▸ **Available data**
== Segment start ==

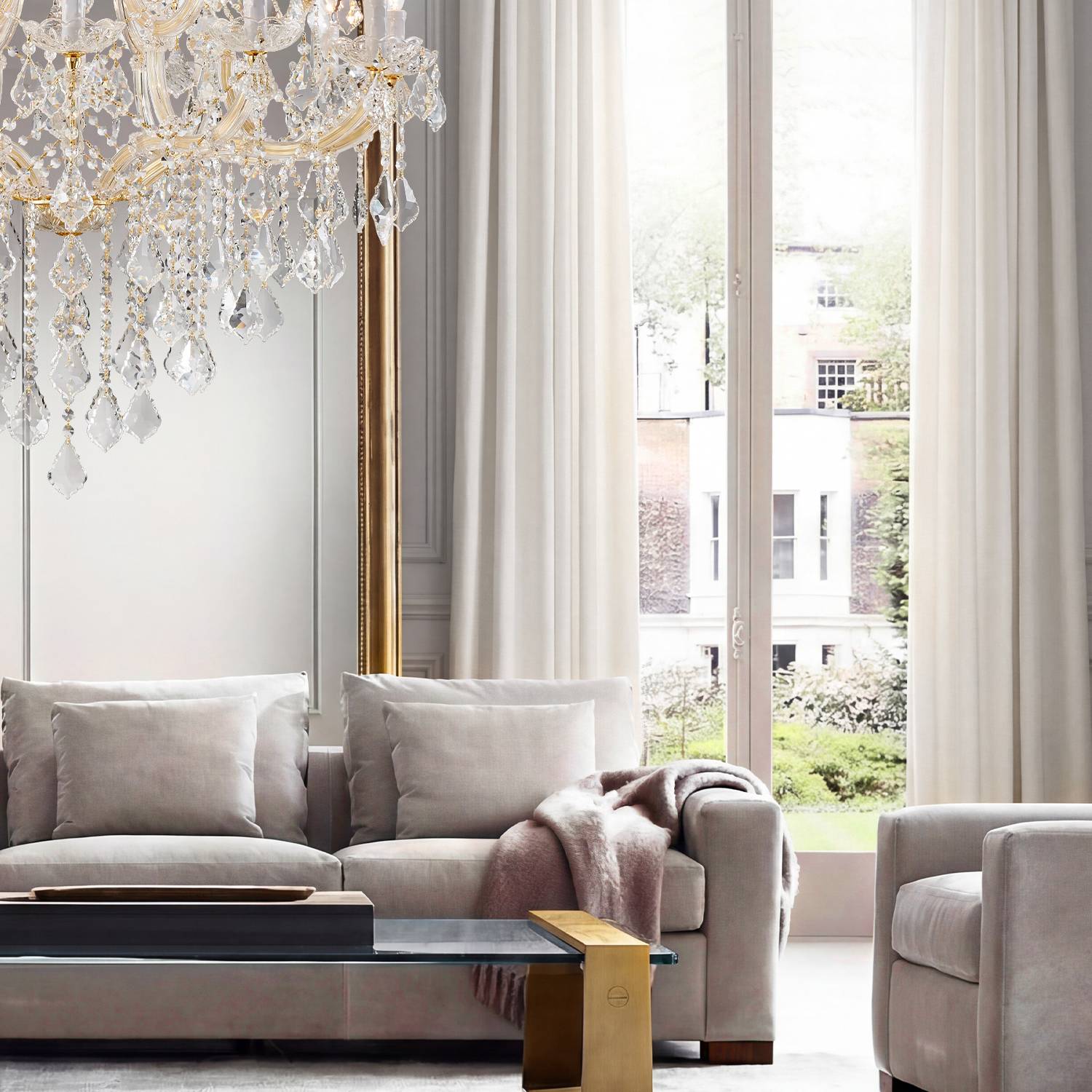 Maria Theresa crystal chandelier near high window and sofa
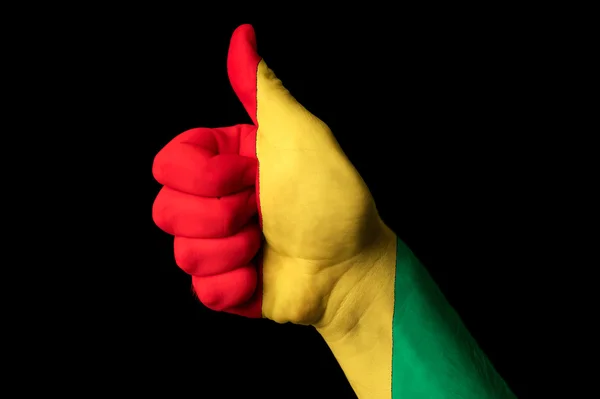 Bandiera nazionale della Guinea pollice in su gesto per l'eccellenza e raggiungere — Foto Stock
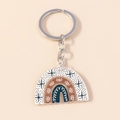 Rainbow acrylic keychain with eyes and stars in earth tones on a beige background - Brown Leopard Rainbow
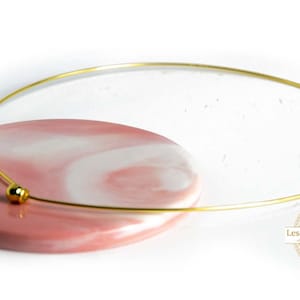 Op de afbeelding: Een gouden choker ketting met een kleine ronde kraal. De ketting wordt getoond op een roze en wit marmeren oppervlak.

== Segment end ==

▸ **Your objective**
Print only the lines from the line that contains "Bandiera nazionale della" to the final line of the data, inclusive. Pictures stay out.

▸ **Result for this task**
 Bandiera nazionale della Guinea pollice in su gesto per l'eccellenza e raggiungere — Foto Stock
 Rainbow acrylic keychain with eyes and stars in earth tones on a beige background - Brown Leopard Rainbow
 Op de afbeelding: Een gouden choker ketting met een kleine ronde kraal. De ketting wordt getoond op een roze en wit marmeren oppervlak.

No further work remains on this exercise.